While some officials say it could be six months, others say it may be a year. It will all depend on who the first chief minister of residuary Andhra Pradesh will be. According to official sources, the Centre will not decide the capital city for residuary AP. “There is no mention in the Constitution of powers for the Centre to identify a capital city. It is purely the prerogative of the chief minister of the state concerned,” an official said.
Officials of the directorate of town and country planning (DTCP) presented to the sub-committee on capital issues how new capital cities were developed in the country. The information, produced below, is intended to enable the first government of residuary Andhra Pradesh to identify and develop a capital city for the new state.

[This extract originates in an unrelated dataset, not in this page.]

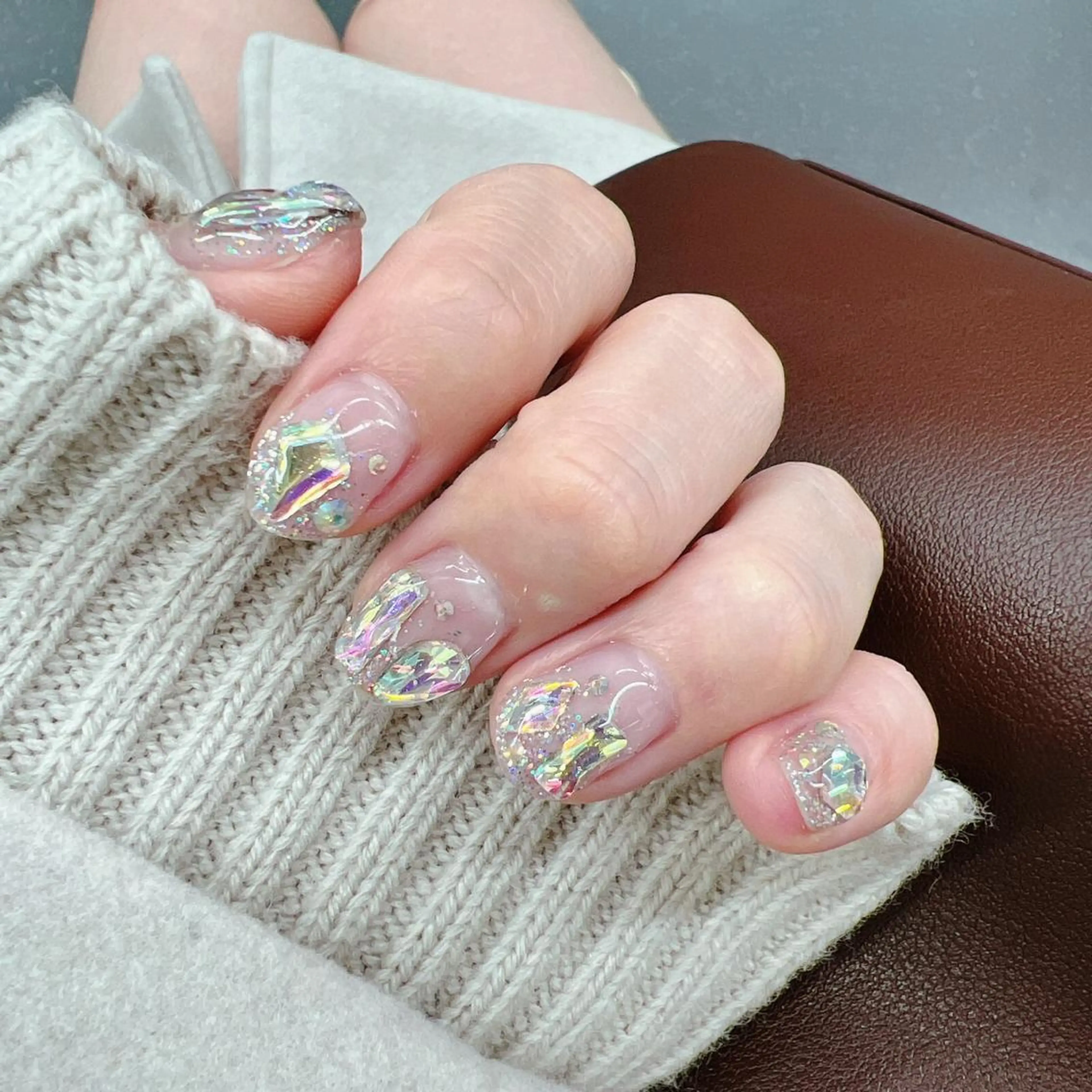 ネイル オーロラネイル ぷっくりネイル ストーンネイル ハンドネイル peaberry nailのネイルデザイン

JAMSHEDPUR: Jamshedpur is the first planned industrial city of the country, founded by the late Jamshedji Nussewanji Tata. Julin Kennedy Sahlin from Pittsburgh, US prepared its first layout. Many areas are well planned and there are public leisure places such as the Jubilee Park. While building the city, Jamshedji Tata had said, “Be sure to lay wide streets to be lined with shade-giving trees, every other of a quick- growing variety and be sure that there is plenty of space for lawns and gardens; reserve large areas for football, hockey and parks; earmark areas for Hindu temples, Mohammedan mosques and Christian churches.”

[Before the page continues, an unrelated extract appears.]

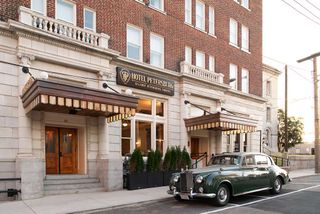 Hotel Petersburg, Tapestry Collection
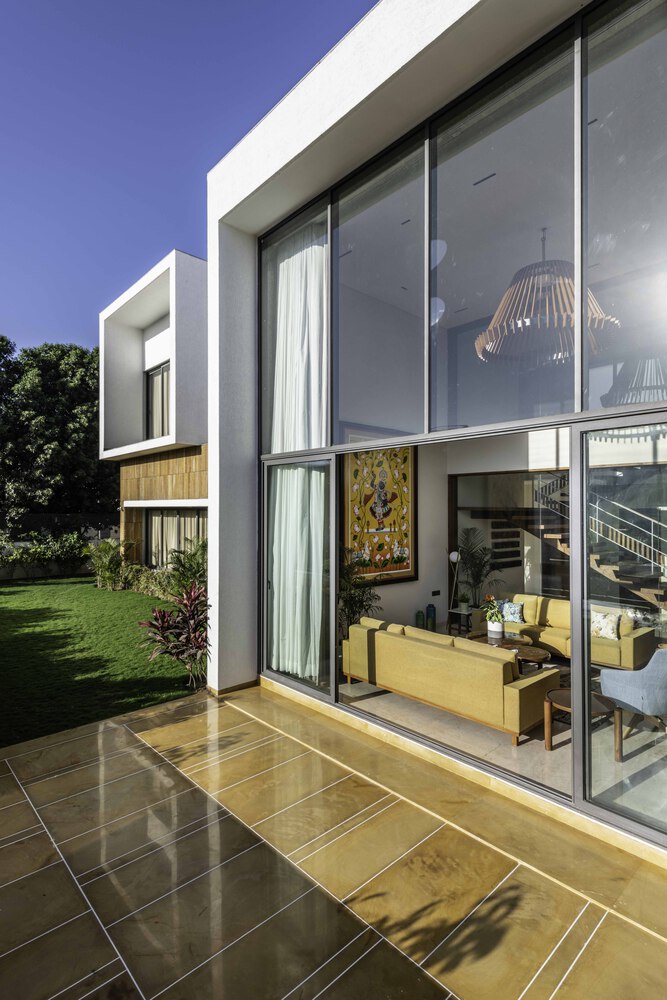 A Fantastic and Beautiful Modern White Home To Three Generations in Ahmedabad, India by The Grid Architects (11)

CHANDIGARH: Chandigarh was the first planned city in the country after Independence and is known internationally for its architecture and urban design. It was designed by the French (born Swiss) architect and urban planner Le Corbusier in the 1950s for an area of 114 sq km.
After the Partition of the country, the former British province of Punjab was also split into east Punjab in India and west Punjab in Pakistan. The Indian Punjab required a new capital city to replace Lahore which became part of Pakistan’s Punjab.

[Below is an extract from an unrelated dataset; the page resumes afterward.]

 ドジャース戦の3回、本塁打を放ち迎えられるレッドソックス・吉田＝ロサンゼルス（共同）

Le Corbusier was the second architect of the city after the initial master plan had been prepared by American architect-planner Albert Mayer who worked with Polish-born architect Matthew Nowicki.
The New Capital Plan was conceived as post- war ‘Garden City’ wherein vertical and high-rise buildings were ruled out keeping in view the living habits of the people. The design was analogous to a human body, with a clearly defined head (Capitol Complex, Sector 1), heart (City Centre, Sector-17), lungs (leisure valley, innumerable open spaces and sector greens), intellect (cultural and educational institutions), circulatory system (network of roads, the 7 Vs) and viscera (industrial area).
BHUBANESWAR: Bhubaneswar replaced Cuttack as the capital of Orissa in 1948. Because of Cuttack’s vulnerability to floods and space constraints, the capital was moved to Bhubaneswar. The modern city was designed by German architect Otto Konigsberger in 1946. The new capital was built as a modern city with wide roads, gardens and parks.
It was subdivided into units (sectors), each with a high school, shopping centres, dispensaries and play areas. While most of the units (sectors) house government employees, Unit-V houses administrative buildings including the State Secretariat, State Assembly and the Raj Bhavan.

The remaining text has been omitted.